Source code for qiskit.ignis.mitigation.expval.utils
# -*- coding: utf-8 -*-
# This code is part of Qiskit.
#
# (C) Copyright IBM 2020.
#
# This code is licensed under the Apache License, Version 2.0. You may
# obtain a copy of this license in the LICENSE.txt file in the root directory
# of this source tree or at http://www.apache.org/licenses/LICENSE-2.0.
#
# Any modifications or derivative works of this code must retain this
# copyright notice, and modified files need to carry a notice indicating
# that they have been altered from the originals.
"""
Measurement error mitigation utility functions.
"""
import logging
from functools import partial
from typing import Optional, List, Dict, Tuple
import numpy as np
from qiskit.exceptions import QiskitError
from qiskit.result import Counts, Result
from qiskit.ignis.verification.tomography import marginal_counts, combine_counts
from qiskit.ignis.numba import jit_fallback
logger = logging.getLogger(__name__)
[docs]def expectation_value(counts: Counts,
diagonal: Optional[np.ndarray] = None,
qubits: Optional[List[int]] = None,
clbits: Optional[List[int]] = None,
meas_mitigator: Optional = None,
) -> Tuple[float, float]:
r"""Compute the expectation value of a diagonal operator from counts.
This computes the estimator of
:math:`\langle O \rangle = \mbox{Tr}[\rho. O]`, optionally with measurement
error mitigation, of a diagonal observable
:math:`O = \sum_{x\in\{0, 1\}^n} O(x)|x\rangle\!\langle x|`.
Args:
counts: counts object
diagonal: Optional, the vector of diagonal values for summing the
expectation value. If ``None`` the the default value is
:math:`[1, -1]^\otimes n`.
qubits: Optional, the measured physical qubits the count
bitstrings correspond to. If None qubits are assumed to be
:math:`[0, ..., n-1]`.
clbits: Optional, if not None marginalize counts to the specified bits.

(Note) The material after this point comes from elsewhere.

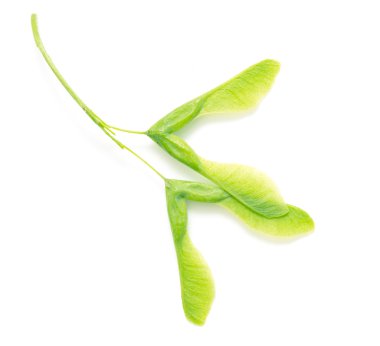 Yeşil akçaağaç tohumu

meas_mitigator: Optional, a measurement mitigator to apply mitigation.
Returns:
(float, float): the expectation value and standard deviation.
Additional Information:
The diagonal observable :math:`O` is input using the ``diagonal``
kwarg as a list or Numpy array :math:`[O(0), ..., O(2^n -1)]`. If
no diagonal is specified the diagonal of the Pauli operator
:math:`O = \mbox{diag}(Z^{\otimes n}) = [1, -1]^{\otimes n}` is used.
The ``clbits`` kwarg is used to marginalize the input counts dictionary
over the specified bit-values, and the ``qubits`` kwarg is used to specify
which physical qubits these bit-values correspond to as
``circuit.measure(qubits, clbits)``.
For calibrating a expval measurement error mitigator for the
``meas_mitigator`` kwarg see
:func:`qiskit.ignis.mitigation.expval_meas_mitigator_circuits` and
:class:`qiskit.ignis.mitigation.ExpvalMeasMitigatorFitter`.
"""
if meas_mitigator is not None:
# Use mitigator expectation value method
return meas_mitigator.expectation_value(
counts, diagonal=diagonal, clbits=clbits,
qubits=qubits)
# Marginalize counts
if clbits is not None:
counts = marginal_counts(counts, meas_qubits=clbits)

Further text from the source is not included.